Loring Andrews

by


Loring Andrews was a printer and publisher who was listed as the head of a first ward household on the Albany census in 1800. He was born about 1767 and no one in that household was born prior to 1756. He was the fourth son of farmer Joseph Andrews and his wife Hannah Richmond of Hingham, Massachusetts.

In April 1789, he co-authored an essay entitled "Completion of the Government," which was published in the Boston paper The Herald of Freedom, of which he was a publisher.

In 1792, he was a postmaster in Stockbridge, Massachusetts and courting Frances, the fourteen-year-old daughter of Theodore Sedgwick. For five years, she was "enraptured" by Andrews. However, her father disapproved and instead arranged for her to be married to Dr.Thaddeus Pomeroy, a Harvard-educated physician who had opened a drug store in Albany. Perhaps that relationship had some relation to Andrews moving to Albany himself.

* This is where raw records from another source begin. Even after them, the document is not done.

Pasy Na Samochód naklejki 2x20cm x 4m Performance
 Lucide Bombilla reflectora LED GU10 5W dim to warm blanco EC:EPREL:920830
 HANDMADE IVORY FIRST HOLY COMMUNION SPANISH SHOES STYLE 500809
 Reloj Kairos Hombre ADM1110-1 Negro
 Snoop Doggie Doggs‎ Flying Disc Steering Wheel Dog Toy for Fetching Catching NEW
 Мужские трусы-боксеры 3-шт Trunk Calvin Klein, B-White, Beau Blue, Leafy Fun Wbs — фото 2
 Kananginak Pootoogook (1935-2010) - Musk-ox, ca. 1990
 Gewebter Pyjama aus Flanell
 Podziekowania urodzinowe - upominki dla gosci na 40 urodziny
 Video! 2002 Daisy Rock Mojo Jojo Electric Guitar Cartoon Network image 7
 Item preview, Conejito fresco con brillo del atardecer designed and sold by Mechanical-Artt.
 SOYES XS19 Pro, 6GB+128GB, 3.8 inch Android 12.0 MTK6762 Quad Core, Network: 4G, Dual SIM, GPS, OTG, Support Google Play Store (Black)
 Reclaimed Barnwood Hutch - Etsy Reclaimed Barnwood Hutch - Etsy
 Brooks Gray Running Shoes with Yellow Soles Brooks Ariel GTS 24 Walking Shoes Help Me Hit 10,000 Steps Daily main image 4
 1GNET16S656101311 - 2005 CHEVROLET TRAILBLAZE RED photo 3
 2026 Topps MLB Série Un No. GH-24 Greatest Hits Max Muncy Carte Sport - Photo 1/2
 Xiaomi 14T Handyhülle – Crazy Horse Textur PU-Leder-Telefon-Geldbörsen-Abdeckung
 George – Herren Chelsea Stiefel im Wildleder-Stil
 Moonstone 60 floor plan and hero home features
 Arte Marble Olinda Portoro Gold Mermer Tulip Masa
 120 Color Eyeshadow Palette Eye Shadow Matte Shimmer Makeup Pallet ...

After settling in Albany, he seems to have been involved in the printing of political tracts - especially in relation to the Federalist party. HIs Albany imprints under the name of "Loring, Andrews & Company" began to appear in 1798. An example of his commentary appeared in the Albany Centinel in December 1798. Perhaps previously, he had been part of "Thomas, Andrews, and Penniman," proprietors of a printery at 45 State Street in Albany.

He seems to have married (but not to Frances Sedgewick) and to have raised a family (some born in Albany about 1800) who became successful beyond Albany.

In 1799, his house and lot in the first ward were valued modestly on the Albany assessment roll. His lot on Hudson Street was shown on a property map dated 1800.

In 1800, he was identified as the "printer to the State."

After less than a decade in Albany, Loring Andrews removed to Charleston, South Carolina where he was the publisher of The Courier in 1803. He left the paper in 1805 and prepared to return to the North. However, he became ill and died in October 1805 at the age of thirty-eight.


biography in-progress


notes

the people of colonial Albany Sources: The life of Loring Andrews is CAP biography number 7140. This sketch is derived chiefly from family and community-based resources. Many of his descendants were buried in Brooklyn including a "Loring Andrews" (1799-1875). Perhaps he was the kinsman of contemporary Albany resident and bookbinder John Andrews. A number of items written by and to Loring Andrews from Stockbridge and Albany during his lifetime are part of the "Norton Andrews Papers" collection at Harvard University.

He may have been the Loring Andrews of Boston who founded The Berkshire Star in 1783.